I am looking for an efficient way to do this kind of operation (not that one, it’s an MWE):

julia> A = rand(3,3,5);
julia> B = rand(3,3,5);
julia> mult_sum(a::AbstractMatrix, b::AbstractMatrix) = sum(a*b, dims =1)
mult_sum (generic function with 1 method)
julia> mapslices(mult_sum, A, B, dims = 3)
ERROR: MethodError: no method matching mapslices(::typeof(mult_sum), ::Array{Float64, 3}, ::Array{Float64, 3}; dims=3)
Closest candidates are:
mapslices(::Any, ::AbstractArray; dims) at abstractarray.jl:2828
Stacktrace:
[1] top-level scope
@ REPL[31]:1

The issue is that mapslices only works with a single Array.

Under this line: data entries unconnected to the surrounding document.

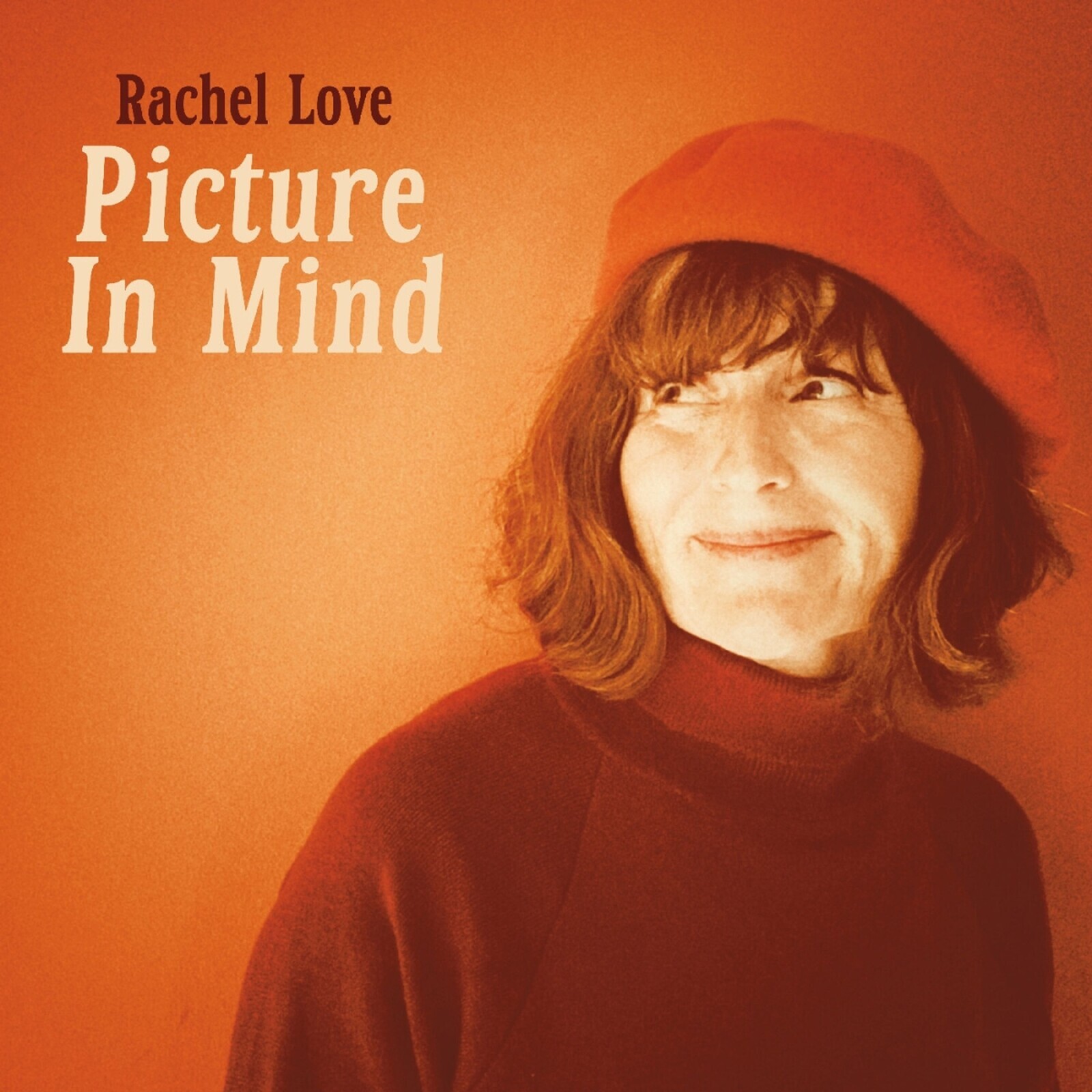 LOVE, RACHEL - PICTURE IN MIND, CD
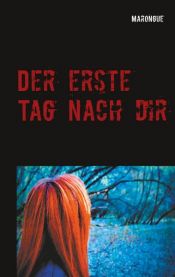 book cover of Der erste Tag nach dir by Marongue .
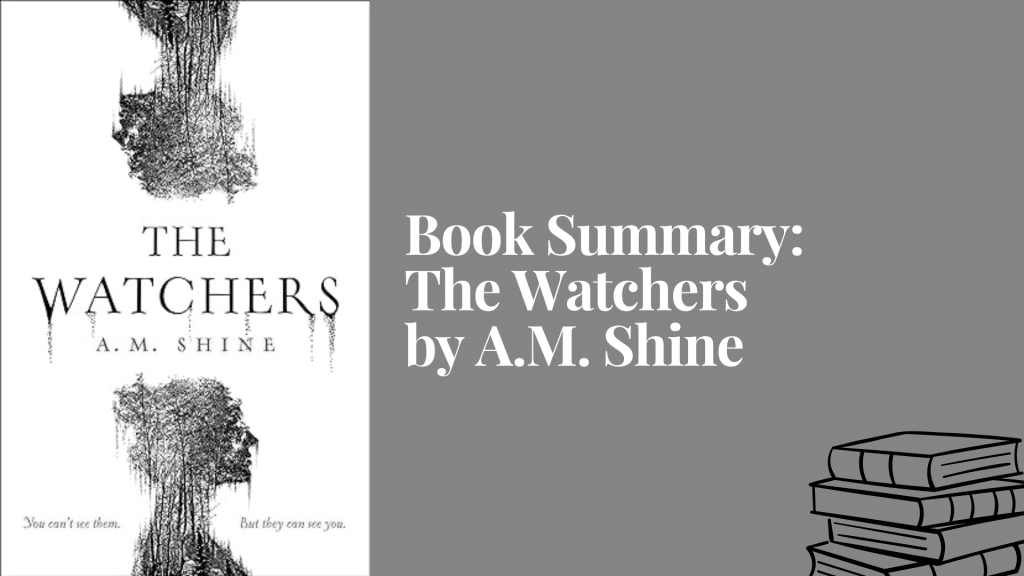 Book Summary: The Watchers by A.M. Shine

I know I could work with eachslice and broadcast, but the result would be a Vector of Matrix. But I need the result to remain a 3D Array. Reducing with cat means reallocating and is therefore inefficient. Is there any package out there to work with this kind of stuff?

Further precision: the operation needs to be differentiable and to work with CUDA, that means no array indexing and no array mutation…

This example does an element-wise multiplication of the two arrays. What I’m looking for is a way to do matrix multiplications. For another example, say I have the same A and B matrices, I’d like some way of doing:

C = A * B

where C[:,:,k] = A[:,:,k] * B[:,:,k] and thus C would have dimensions 3x1x5.
It kind of looks like what Tullio does in one of your links but it looks like this package is made for Tensors (in the non-ML sense).